> [Brief]:
Print exactly the lines from the one that contains "Putting Greens Romoland" through the final line of the entries below, both included, and nothing else; omit the pictures.

> [Data extract]:
------------------------

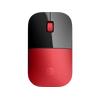 HP Z3700 Vezeték nélküli egér, vörös/ fekete (V0L82AA) HP Z3700 Vezeték nélküli egér, vörös/ fekete (V0L82AA)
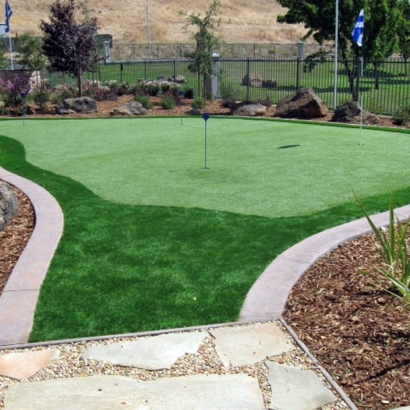 Putting Greens Romoland California Artificial Turf Back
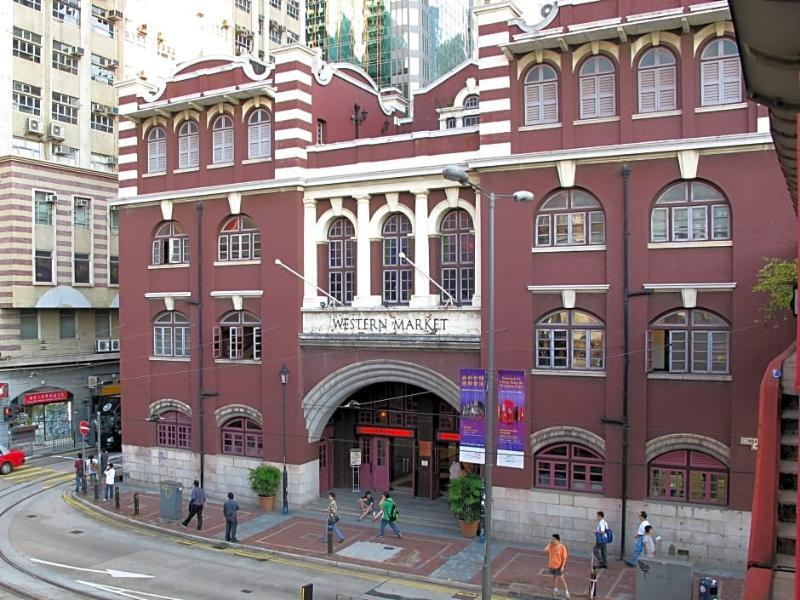 Ibis & Sheung Wan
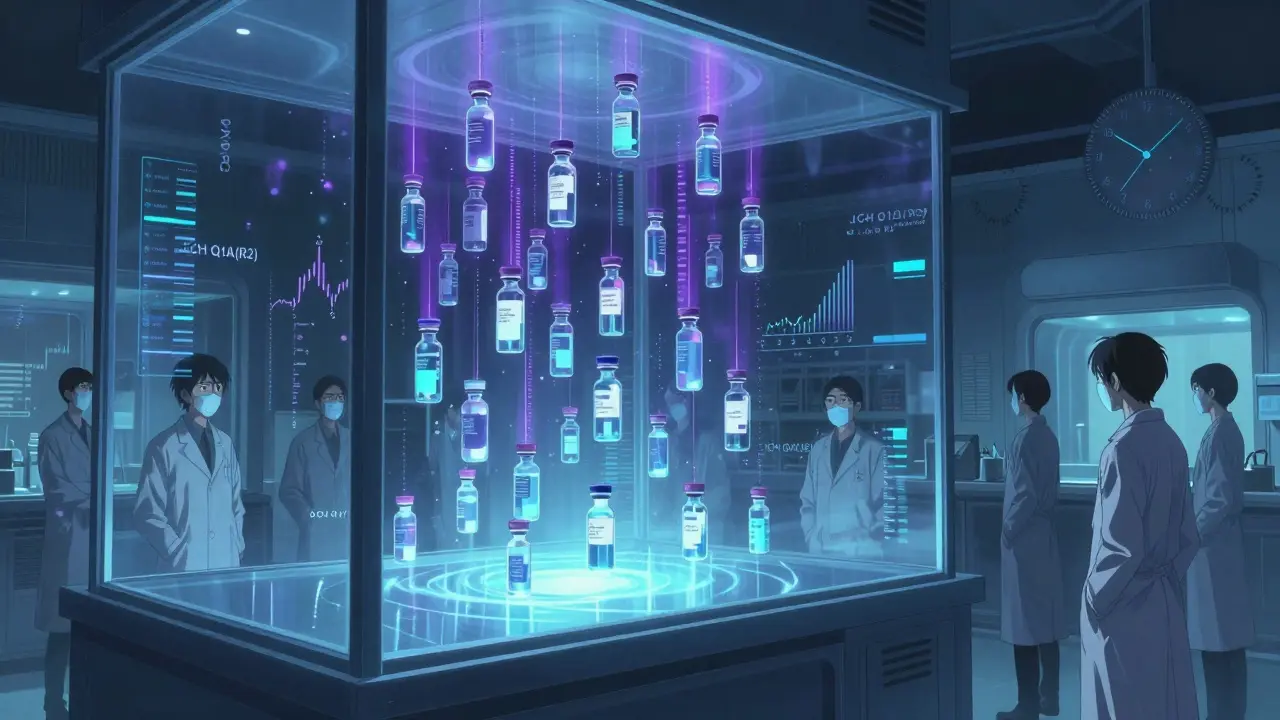 Stability testing: pitkäaikainen laadunvalvonta valmistuksen jälkeen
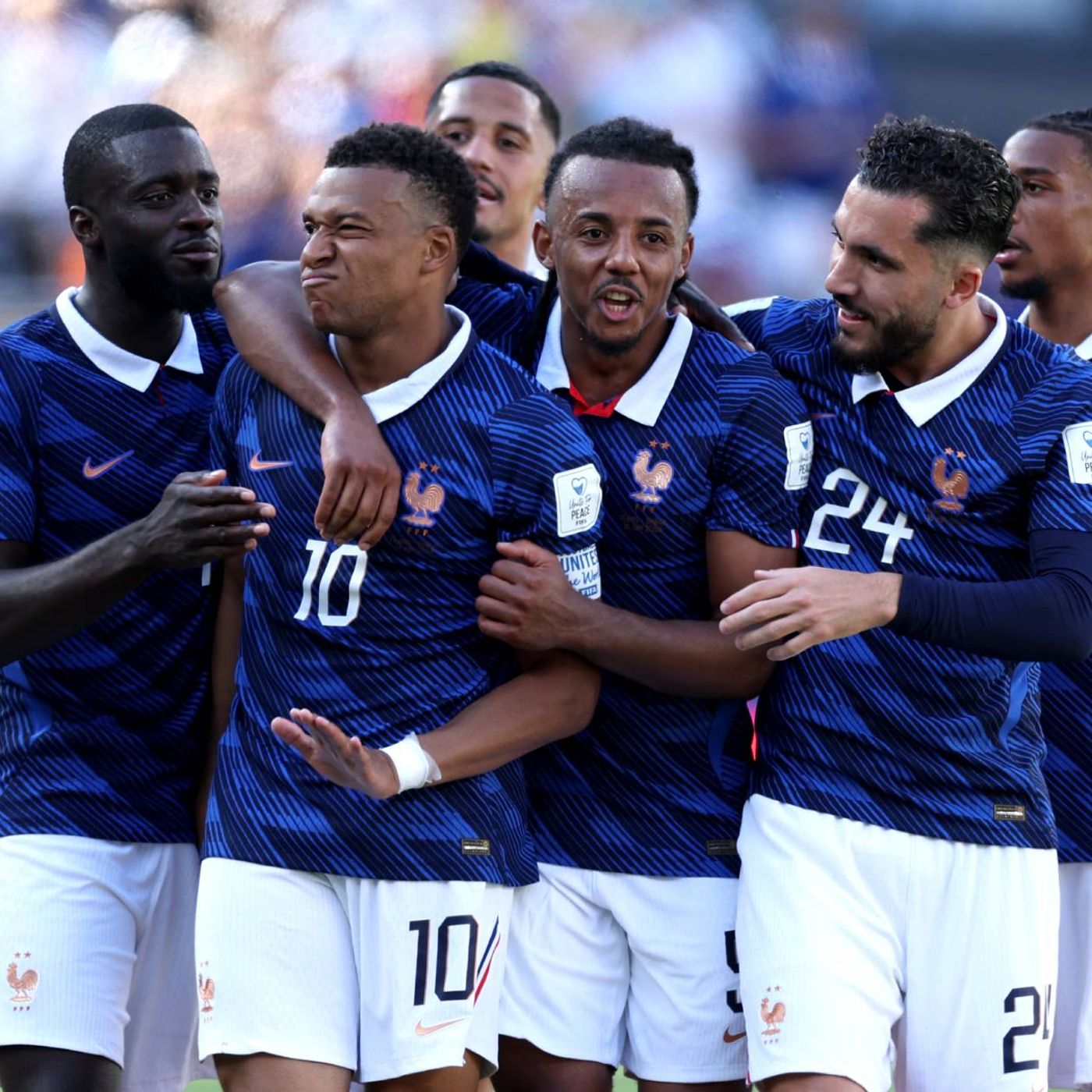 Daft Punk’s ‘One More Time’ is France’s official 2026 World Cup goal music episode artwork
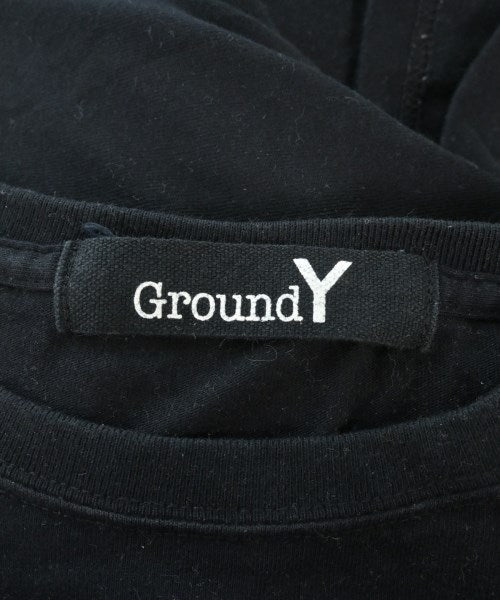 Ground Y เสื้อยืด/เสื้อท็อปส์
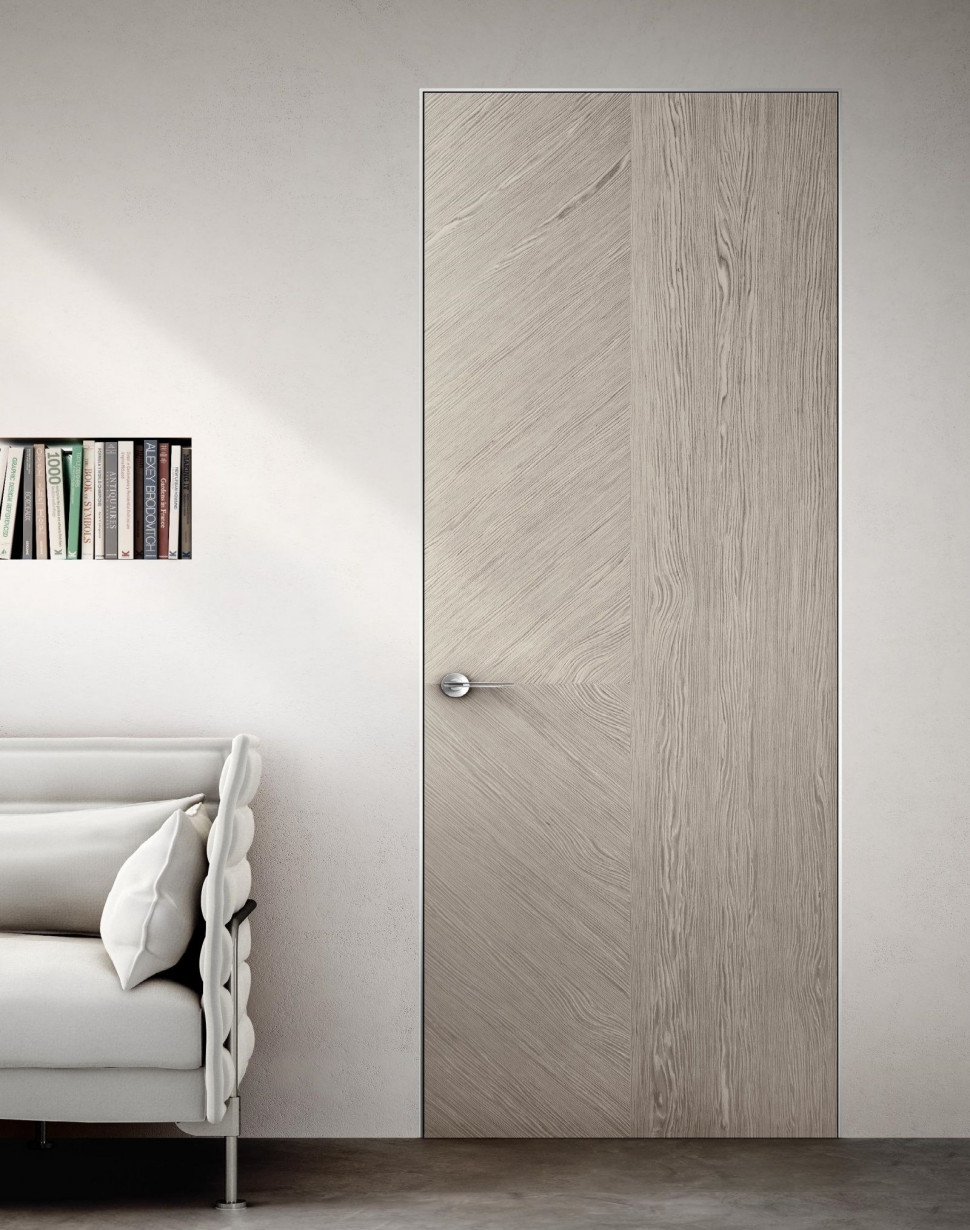 Drzwi wewnętrzne Tetris z kolekcji Rasa marki Romagnoli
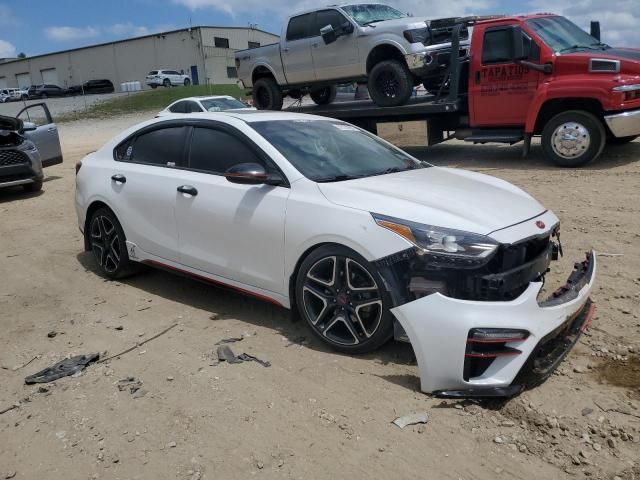 2021 KIA Forte GT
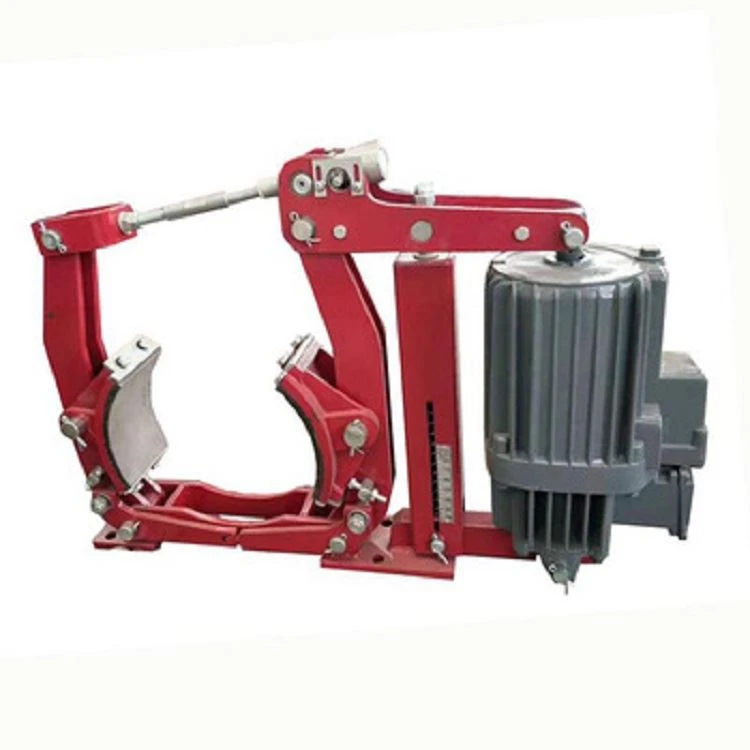 Electric Over Hydraulic Crane Brake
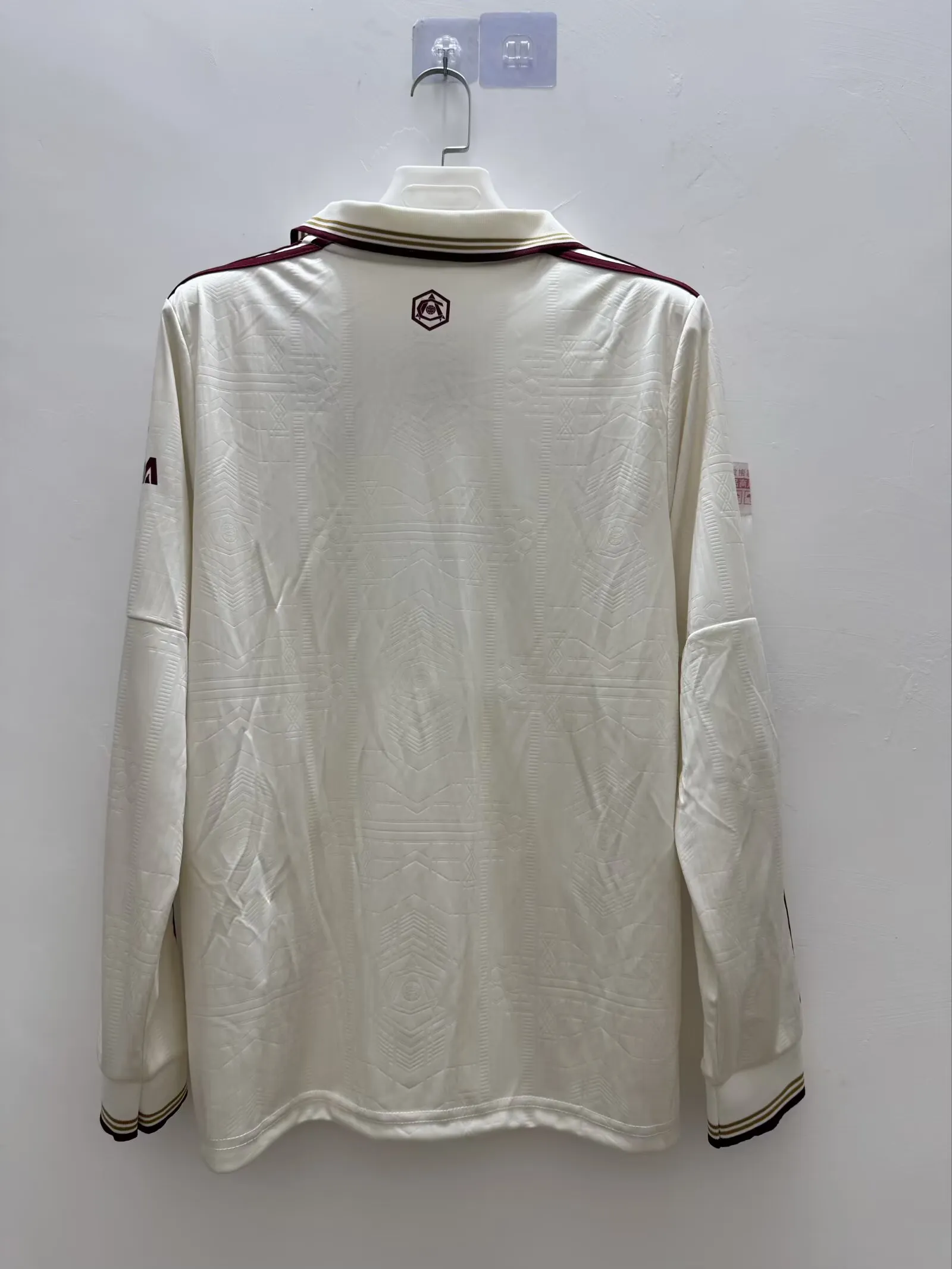 2025/2026 Long Sleeves Arsenal Third Away Football Jersey 1:1 Thai Quality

------------------------

> [Task response]:
 Putting Greens Romoland California Artificial Turf Back
 Ibis & Sheung Wan
 Stability testing: pitkäaikainen laadunvalvonta valmistuksen jälkeen
 Daft Punk’s ‘One More Time’ is France’s official 2026 World Cup goal music episode artwork
 Ground Y เสื้อยืด/เสื้อท็อปส์
 Drzwi wewnętrzne Tetris z kolekcji Rasa marki Romagnoli
 2021 KIA Forte GT
 Electric Over Hydraulic Crane Brake
 2025/2026 Long Sleeves Arsenal Third Away Football Jersey 1:1 Thai Quality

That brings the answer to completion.